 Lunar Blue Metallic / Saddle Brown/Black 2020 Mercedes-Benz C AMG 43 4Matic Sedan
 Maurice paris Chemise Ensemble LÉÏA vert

--------------------------------

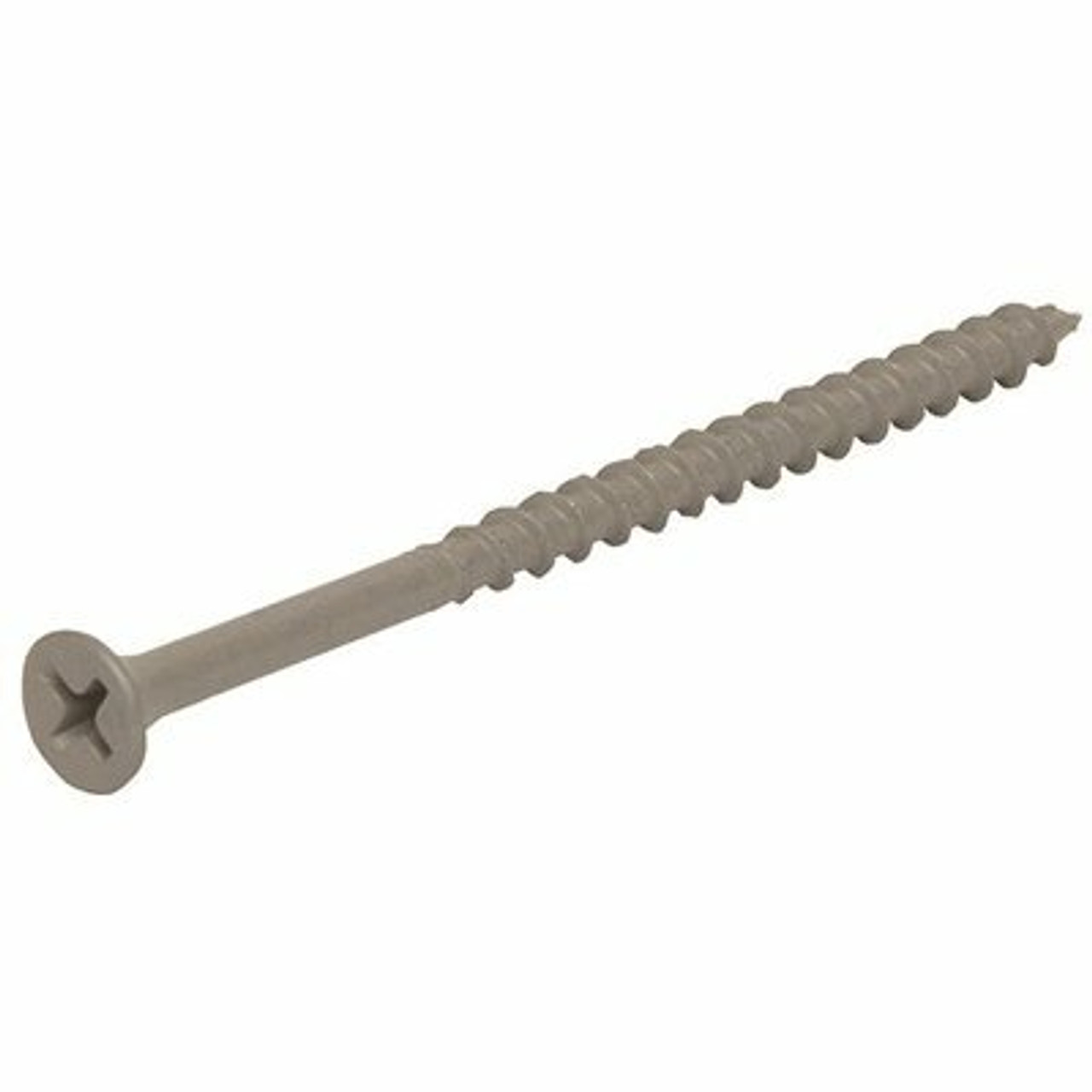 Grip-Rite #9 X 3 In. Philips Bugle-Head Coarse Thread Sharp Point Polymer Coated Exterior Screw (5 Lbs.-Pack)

--------------------------------

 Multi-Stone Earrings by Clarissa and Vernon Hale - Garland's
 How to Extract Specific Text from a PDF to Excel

--------------------------------

* **What you will do**
Everything above from the line containing "Lunar Blue Metallic" down to the line containing "Maurice paris Chemise Ensemble LÉÏA vert" is to be transcribed exactly, with both of those lines included and nothing else added.

* **Output below**
 Lunar Blue Metallic / Saddle Brown/Black 2020 Mercedes-Benz C AMG 43 4Matic Sedan
 Maurice paris Chemise Ensemble LÉÏA vert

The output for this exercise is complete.